Your goal:
Every entry gets copied exactly. No images go into the copy.

Data to use:
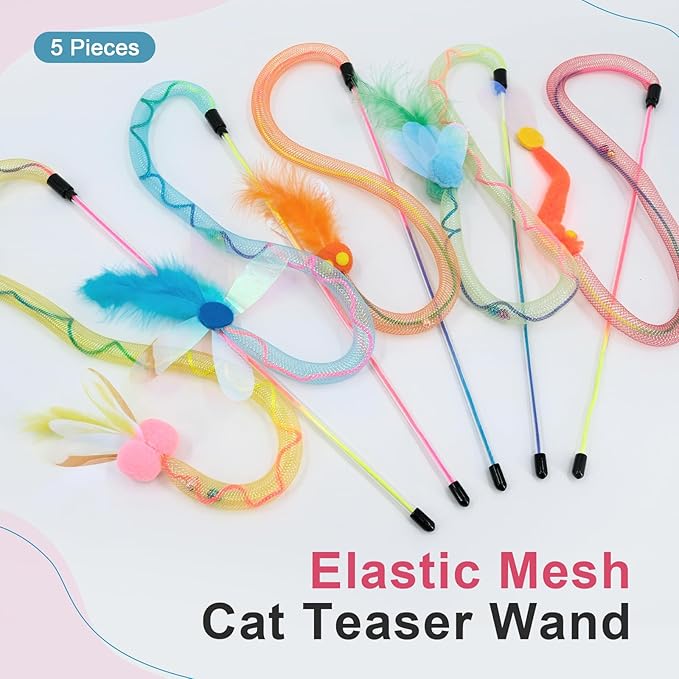 SONGWAY Cat Rainbow Wand Toy - Rainbow Cat Feather Toys with Bells, Colorful Mesh Teaser Wand with Feather Tail, Interactive Toys for Indoor Cats Kittens, Mixed Colors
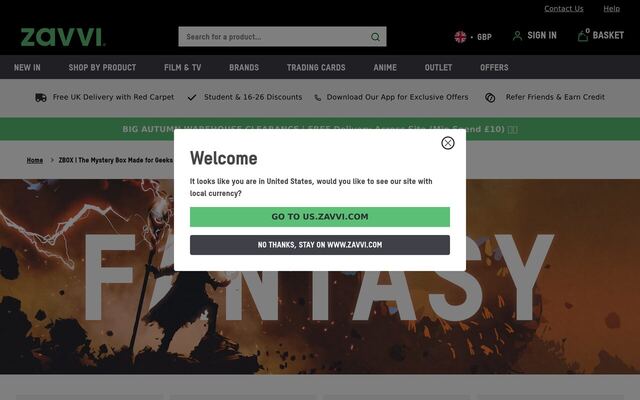 Zavvi ZBOX homepage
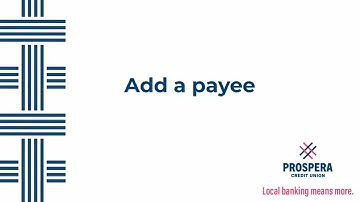Add a Payee | Prospera Credit Union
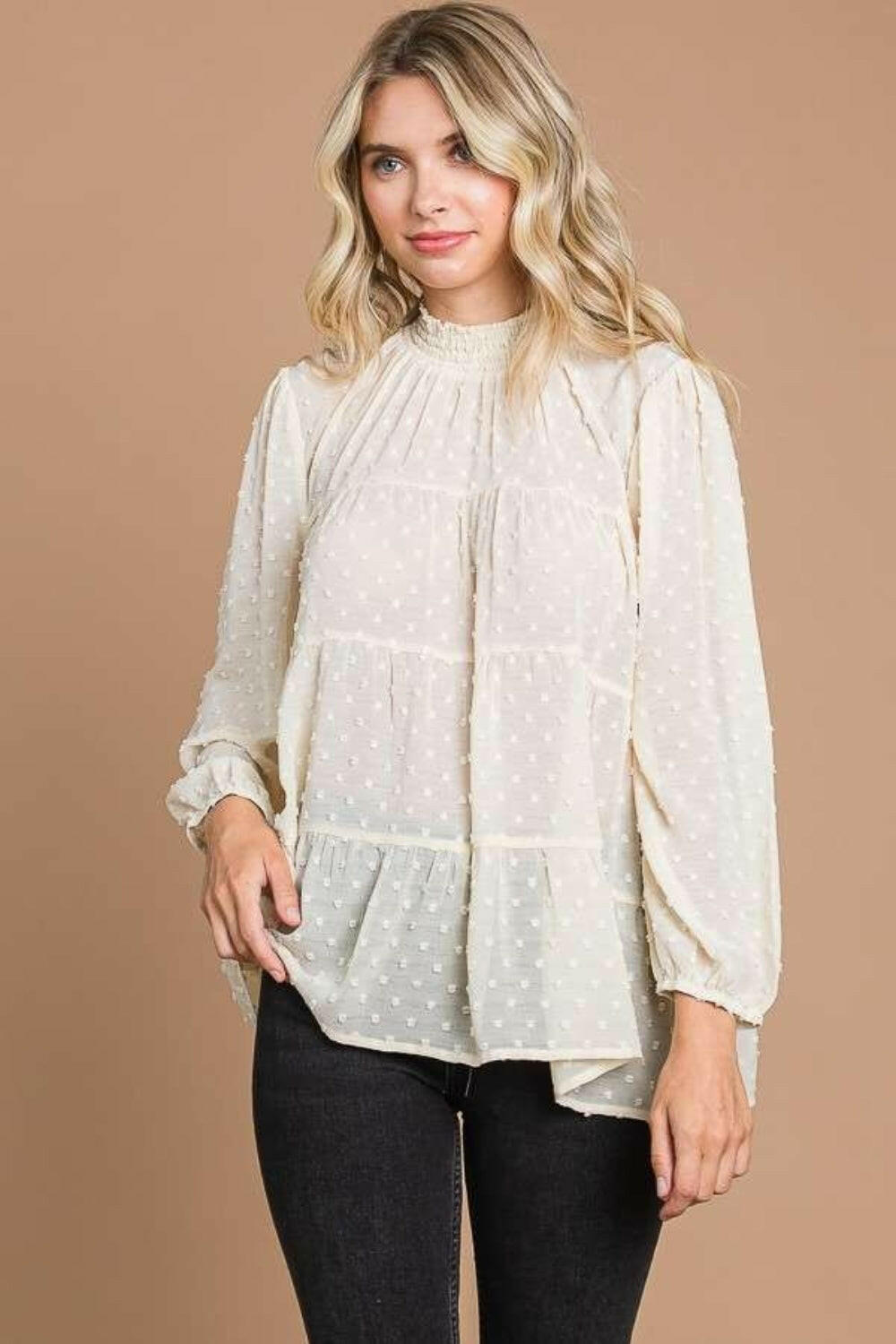 Culture Code Full Size Swiss Dot Smocked Mock Neck Blouse Plus Size - StyleLure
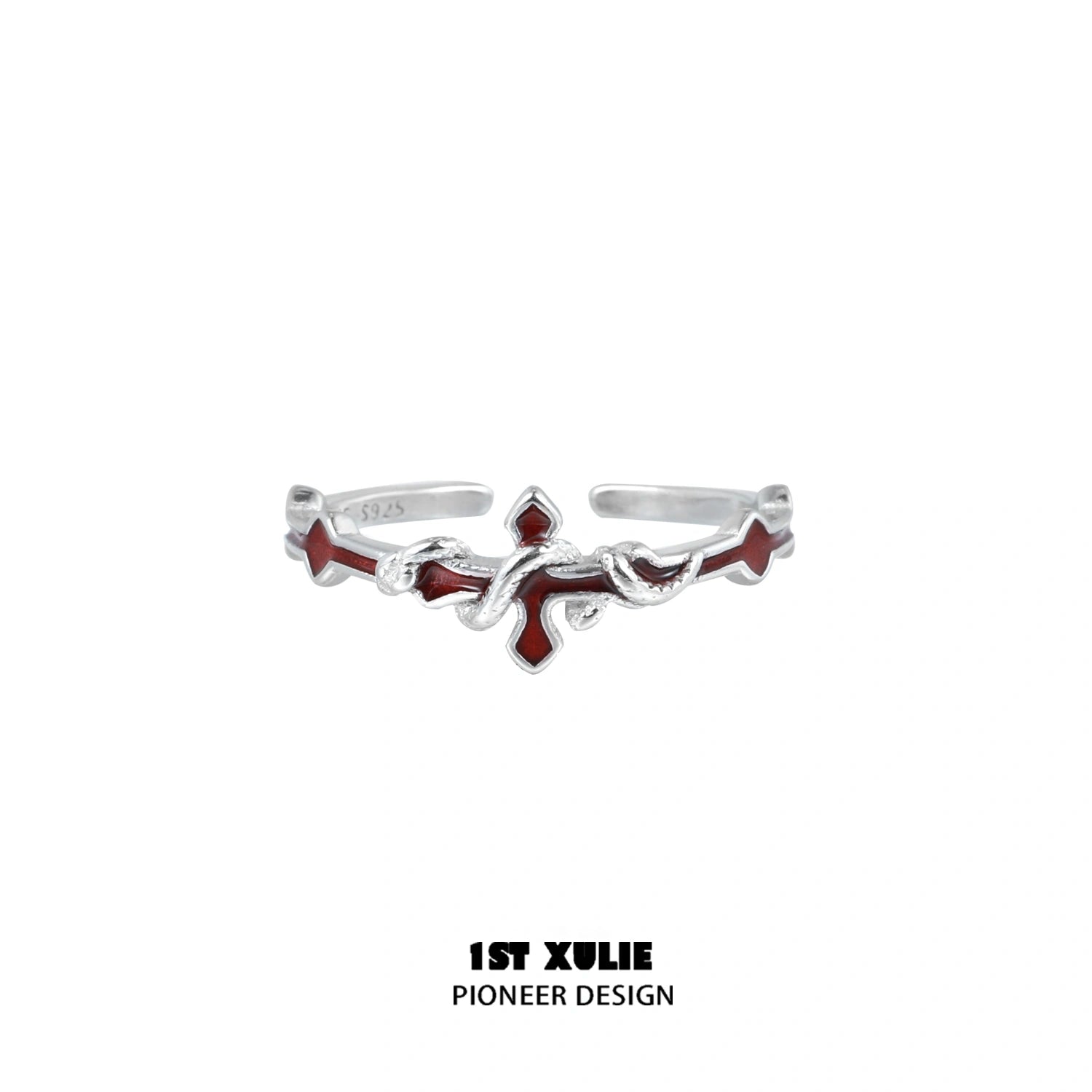 1ST XULIE "Snake Bite" Gothic Snake and Cross Stacking Rings in 925 Sterling Silver - Texture Detail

Answer to this task:
 SONGWAY Cat Rainbow Wand Toy - Rainbow Cat Feather Toys with Bells, Colorful Mesh Teaser Wand with Feather Tail, Interactive Toys for Indoor Cats Kittens, Mixed Colors
 Zavvi ZBOX homepage
Add a Payee | Prospera Credit Union
 Culture Code Full Size Swiss Dot Smocked Mock Neck Blouse Plus Size - StyleLure
 1ST XULIE "Snake Bite" Gothic Snake and Cross Stacking Rings in 925 Sterling Silver - Texture Detail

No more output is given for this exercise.